There is, surprisingly, very little Batman in this issue. He is present, but he only has one line and the rest of the issue is focused the other characters. The most interesting plot to come out of this issue is the history between Victor Fries, aka Mr. Freeze, and Batman. The last issue ended on the cliffhanger revealing that the Wayne family has possible ties to the Nazi party. Fries details that his family and the Wayne’s have been connected since the Fries family defected from the Nazis. This revelation, along with other enlightenments, puts the relationship between Batman and Mr. Freeze in a completely new light. The more this story unfolds, the desire for this to be integrated into the main continuity rises, as the ideas and concepts presented here would benefit the main Batman mythos.
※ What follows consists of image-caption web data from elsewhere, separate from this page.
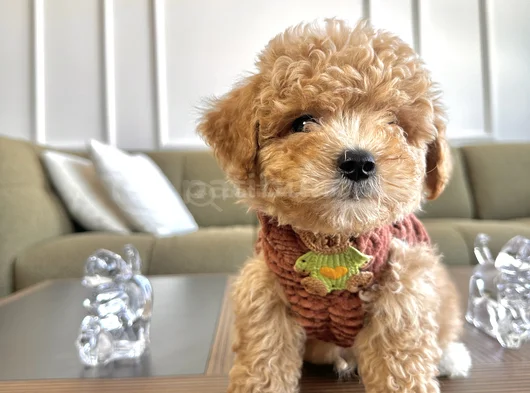 Hayalinizdeki Maltipoo Bebek görsel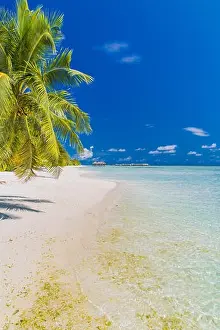 Beautiful beach in Maldives. Summer holiday travel concept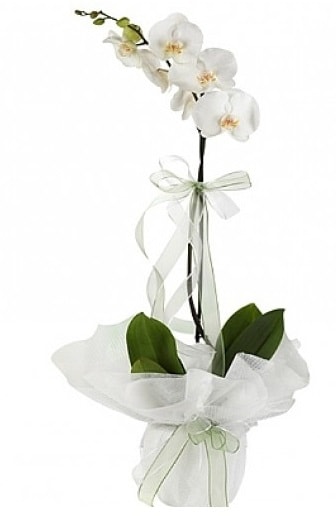 Tekli Beyaz Orkide  Kocaeli cicek , cicekci 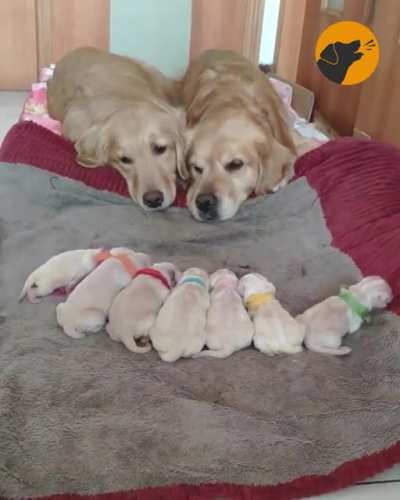 Love is watching your newborns with your loved one! ??
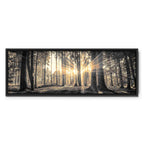 Sunlit Forest Landscape Canvas Print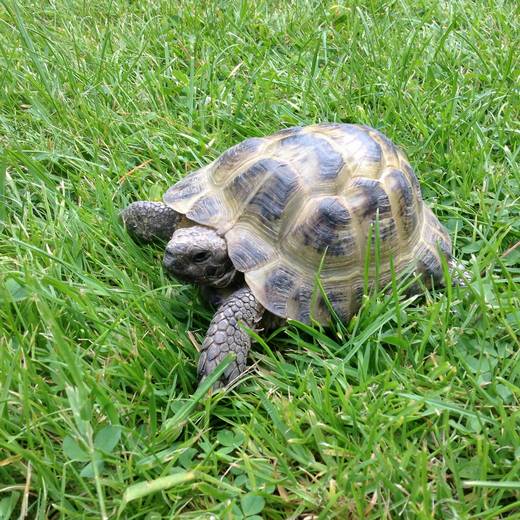 Tortoises Available For Rehoming - Tortoise Protection Group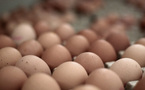 Le marché du halal happe les œufs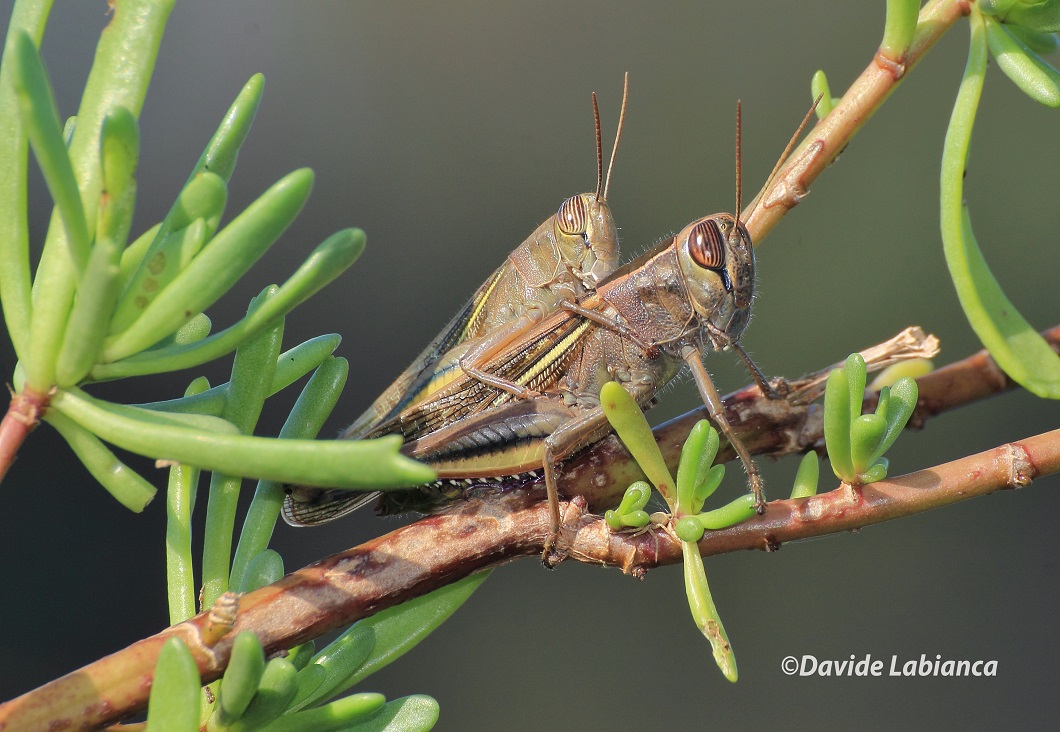 cavallette in intimità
Sean Murphy does an excellent job of showing the lengths that the Gotham police go to capture Batman, as well as showing why it’s a bad idea to get on Gordon’s angry side. One highlight is Dick Grayson’s “contribution” to Gordon’s plan, one that is sure to have fans of the 1989 film excited. Speaking of film references, the Neo-Joker’s use of Mr. Freeze’s giant ice cannon might remind fans of another infamous film which saw Freeze use it to encase Gotham City in ice. Gordon’s plan to apprehend Batman is both ingenious and simple, displaying why Gordon has always been considered an equal, on some level, to Batman. A point of contention is whether or not to reveal Batman’s identity to the public once caught, with a surprising rebuttal from Jack, arguing that its best for him to be tried as Batman as a symbol against vigilantism.
The main strength of Sean Murphy’s story is character and that’s most prevalent with Jack Napier. He struggles with his own inner demons and his admiration of Batman, which is at the forefront in a bare-knuckled fight between the two. Even Harley, who has been his biggest supporter, feels that maybe it's time to admit this is all too much for him to handle. It feels as though he hasn’t quite stamped out the Joker persona and, with the final panel of this issue, one wonders who’s really in control.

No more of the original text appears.